Monday, May 25, 2015

Review: Creativity, Inc.




Written By: Ed Catmull
Available on Amazon

I'm less interested in the whimsical creative side of Pixar, and more into how Pixar has structured themselves to allow and keep that creativity.

That's an important aspect for anyone in a creative field. There's nothing particularly special about being creative, as we have been creative countless times in the past. The issue with creativity is how to keep the momentum after the initial excitement or time of excitement.

Creativity, Inc is more of a manager's view of Pixar. It will lack the details of specific ideas and concepts, and it will focus on the day-to-day challenges of bringing a project to completion.

The book goes into Pixar's very beginnings, when there was no company or foundation, but just a dream of technology. As the book continues on, the subject of creativity comes up in countless ways.
 Pixar found itself contrasting itself with Disney on the subject of desks, where they visited Disney and found all the desks to be clean and sterile, and they realized they wanted their own employees to have freedom of expression. Conference meetings no longer had assigned seating or a type of table that assumed hierarchical order.

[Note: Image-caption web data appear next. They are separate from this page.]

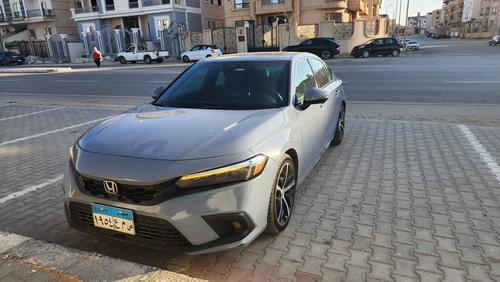 هوندا سيفك 2022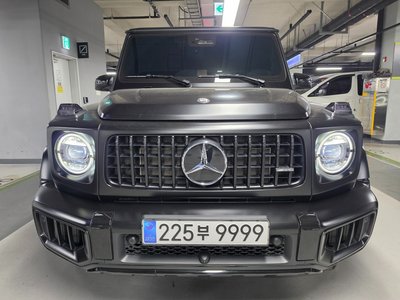 MERCEDES-BENZ G-CLASS - 6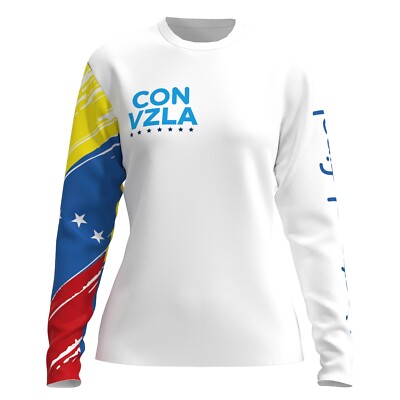 Franela Maria Corina Venezuela Hasta El Final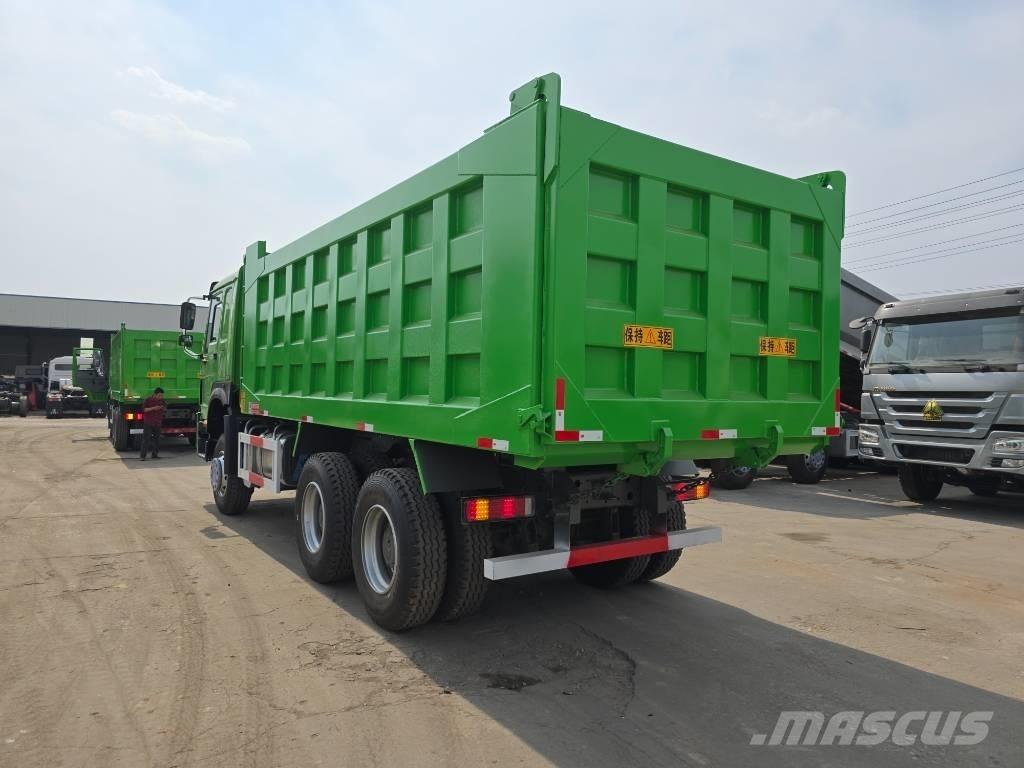 Howo 336 6x4 Самосвал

One of the final chapters does its best to condense its themes and advice of the book, but it truly is difficult summarize how much work and effort has taken place for Pixar to stay Pixar. Whether its the clash of office responsibilities, fear of being absorbed and losing their workplace personality, to cancelling a nearly finished project, it goes to show there is nothing without some sacrifice.

The final chapter is dedicated to a review of Steve Job's involvement in Pixar that is a phenomenal piece to read. It is personal, introspective, emotional, and by the time you finish you feel you were in the building with the rest of the company.